Task requirements:
Beginning with the line that contains "this 1456×819 image.", copy each remaining line of the data below exactly.

- Opening Delimiter -

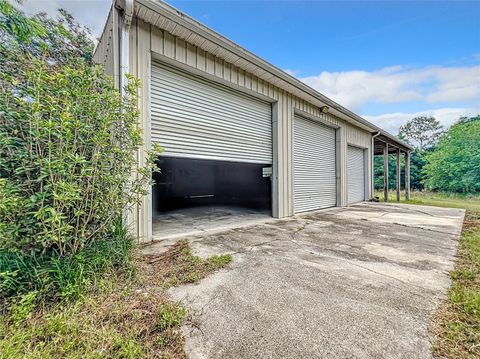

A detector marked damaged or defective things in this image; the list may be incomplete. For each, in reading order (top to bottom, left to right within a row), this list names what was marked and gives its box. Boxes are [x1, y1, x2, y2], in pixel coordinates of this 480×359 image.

cracked concrete slab [147, 204, 464, 358]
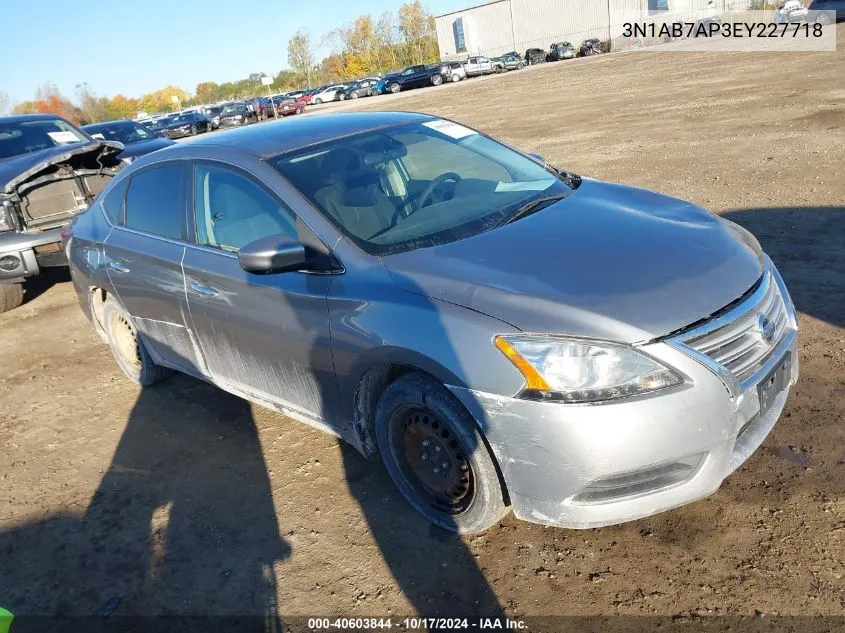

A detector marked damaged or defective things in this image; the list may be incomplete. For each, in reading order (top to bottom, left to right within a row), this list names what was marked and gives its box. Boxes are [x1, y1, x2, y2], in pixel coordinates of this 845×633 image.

another damaged vehicle [0, 115, 123, 312]
damaged car door [101, 160, 200, 372]
damaged car door [181, 162, 336, 430]
another damaged vehicle [67, 112, 796, 532]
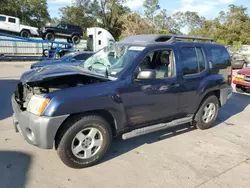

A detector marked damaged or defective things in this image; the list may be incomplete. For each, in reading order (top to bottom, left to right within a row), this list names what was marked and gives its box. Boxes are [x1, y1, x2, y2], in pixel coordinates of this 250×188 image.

crumpled hood [20, 65, 108, 84]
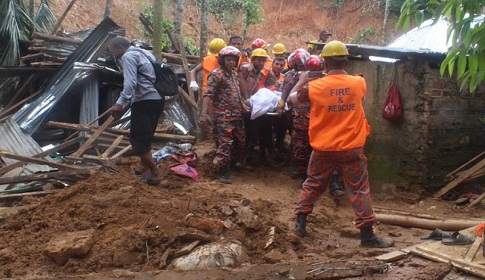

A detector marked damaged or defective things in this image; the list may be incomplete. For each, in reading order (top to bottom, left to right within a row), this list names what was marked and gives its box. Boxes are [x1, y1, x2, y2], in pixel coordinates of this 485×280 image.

broken wooden plank [0, 135, 83, 175]
broken wooden plank [0, 151, 85, 171]
broken wooden plank [0, 168, 91, 186]
broken wooden plank [71, 115, 115, 159]
broken wooden plank [432, 158, 485, 199]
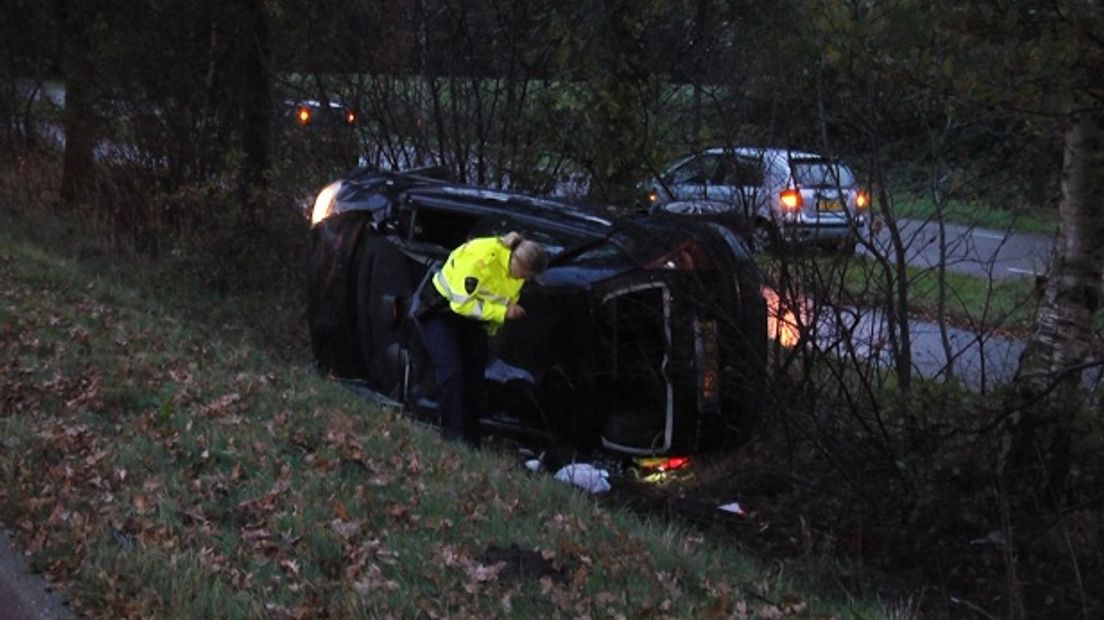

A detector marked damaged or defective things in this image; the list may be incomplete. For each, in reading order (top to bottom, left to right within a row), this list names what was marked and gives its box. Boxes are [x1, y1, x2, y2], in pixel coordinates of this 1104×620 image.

overturned black car [306, 170, 764, 456]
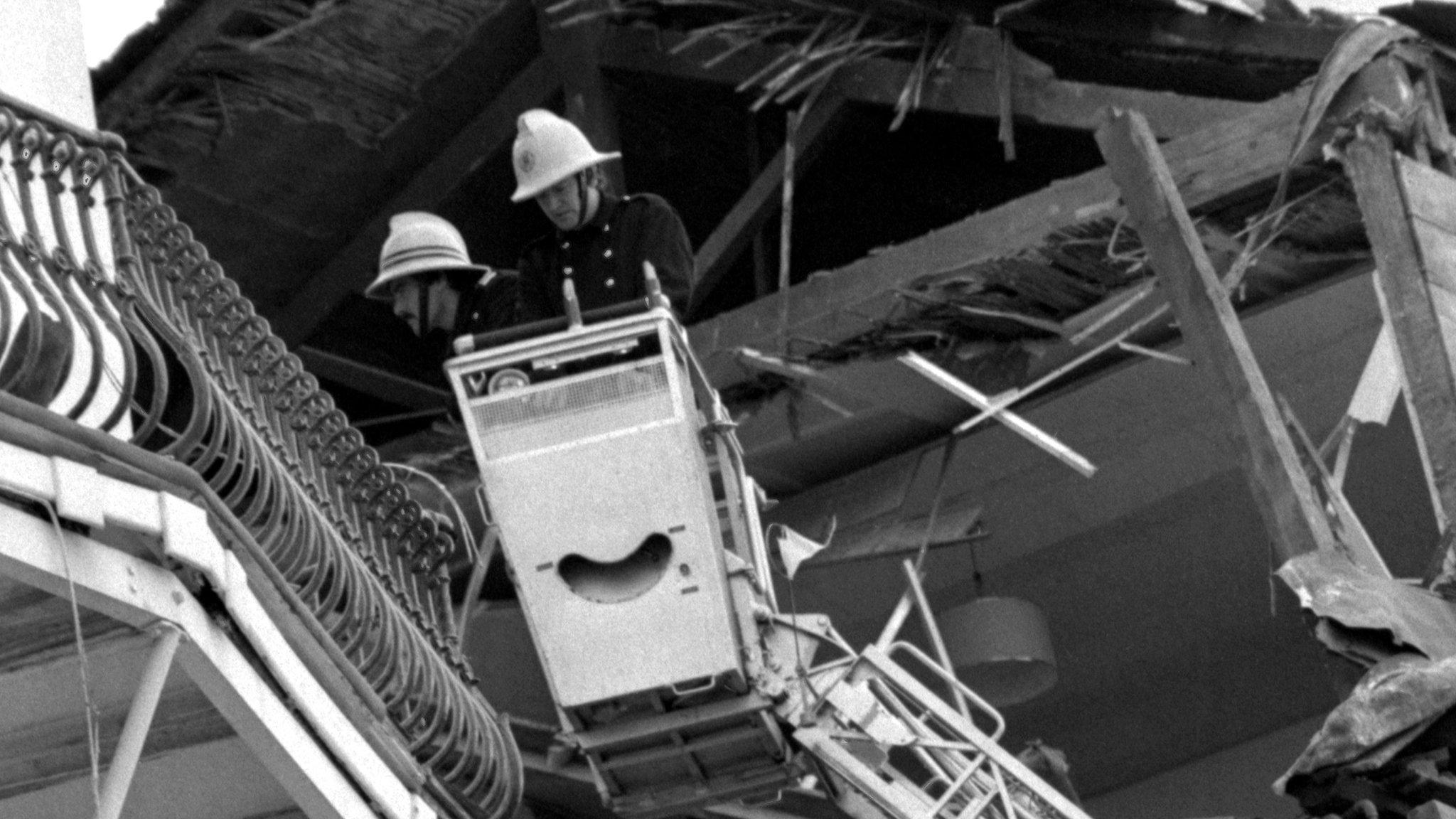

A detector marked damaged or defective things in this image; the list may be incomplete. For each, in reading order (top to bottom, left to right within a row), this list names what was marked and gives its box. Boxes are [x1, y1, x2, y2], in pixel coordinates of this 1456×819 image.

broken timber [1098, 110, 1337, 563]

- Closing Delimiter -

Answer section:
A detector marked damaged or defective things in this image; the list may be incomplete. For each, in reading order (top to bottom, left to right within a row), this list names what was marked and gives its box. Boxes are [x1, y1, x2, y2], in pixel coordinates of this 1456×819 image.

broken timber [1098, 110, 1337, 563]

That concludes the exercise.